Independence or Death: The Bicentennial Anniversary of the Independence of Brazil

Invited by Fernando Apparicio da Silva, Ambassador of Brazil to Việt Nam, PhD Lucia Pereira das Neves, Professor of History at the University of the State of Rio de Janeiro, wrote to Việt Nam News about the uniqueness of the Independence of Brazil.

On September 7, 1822, Brazil became independent from Portugal. At that time, the territory of Brazil corresponded essentially to what it is today. Apart from preserving the colony’s territorial integrity, Brazil became independent as a monarchy that lasted seven decades, while the independence of Hispanic America gave rise to sixteen sovereign republics. This intriguing exceptionalism has always attracted interest. Here follows an account by PhD. Lucia Bastos Pereira das Neves, Professor of History at the University of the State of Rio de Janeiro:

“Independence or Death – this was the Brazilian timbre that, according to current versions, Prince Regent Dom Pedro proclaimed on the 7th September 1822 on the banks of a small river called Ipiranga, which flowed in the city of Sao Paulo. The episode was enshrined as the Cry of Ipiranga, which with time decanted as the founding gesture of the Brazilian Empire. Distinct from the republican emancipations of Hispanic America, the rupture from the old metropole kept the monarchical regime, for it came through the hands of the son of the Portuguese king, Dom Joao VI. How to explain this process?

On the top of Corcovado Hill, the most famous iconic symbol of Rio. Photo Courtesy of the embassy 

Everything started with the establishment of the Portuguese royal family in Brazil in order to preserve the Braganca dynasty from the claws of Napoleon. Dom Joao, then Prince Regent, arrived in Bahia in January 1808, the first sovereign to set foot in the New World, where he was received with ceremonies in the churches and celebrations in the streets. Two months later, the Court settled in Rio de Janeiro, flagging the creation of a new center of power, capable of promoting the happiness and prosperity of Brazil, the richest part of the Empire.

For about thirteen years, Dom Joao remained in Brazil. An authentic civilizing process transformed the typically colonial Rio de Janeiro into the seat of an Empire.

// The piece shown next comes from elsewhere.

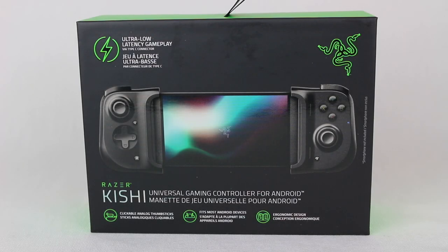Hey everyone, Hasan here. Welcome to the world of HA. Today I have another video for you, and this is the Razer Kishi — a gaming controller for Android.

Built on swampy lands that surrounded Guanabara Bay, the city had narrow and winding streets, with multitudes of African slaves, houses without facilities and poor public services. Administrative institutions were created; a press emerged; a theater was founded. The population, of approximately fifty thousand at the beginning, began to coexist with the king, the royal family and all the ceremonies of a court society. Rio became a center of attraction and dissemination of European fashions to other areas of the vast territory.

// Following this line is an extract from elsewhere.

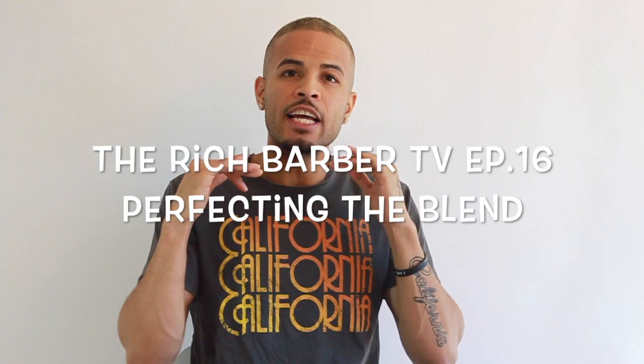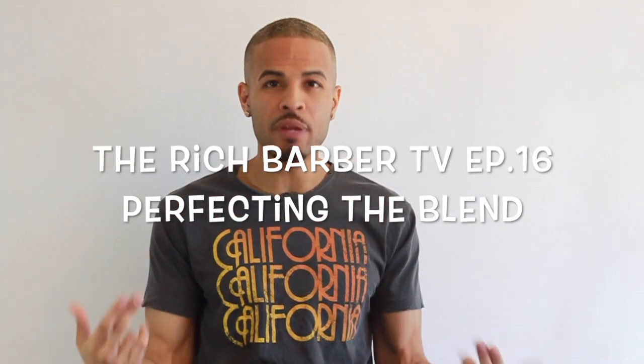What's up, y'all? It's Chuka the barber with another episode of The Rich Barber TV, and this week I'm talking about perfecting the blend.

These transformations made Rio de Janeiro a metropolis among the rest of Brazil and even in comparison to Portugal. The Portuguese, in particular, were resentful and humiliated, for, freed from the French in 1811, they were orphans of their king, had experienced a grave economic crisis and were under British guardianship. In this context, while Brazil became more civilized, Portugal was downgraded to the condition of a mere province. In 1818, the acclamation of Dom Joao VI in Brazil only aggravated the situation.

In 1820, a wave of liberal movements in Europe put in question the practices of monarchical absolutism. They were motivated by the nascent liberalism, which advocated the adoption of constitutions. In Portugal, liberalism became the vehicle to claim back its place as head of the Empire. In Lisbon, to where the king had returned, a parliament met to write a constitution, while in Brazil, where the king’s son, Dom Pedro, had remained as Prince Regent, constitutionalist ideas began being discussed in the streets.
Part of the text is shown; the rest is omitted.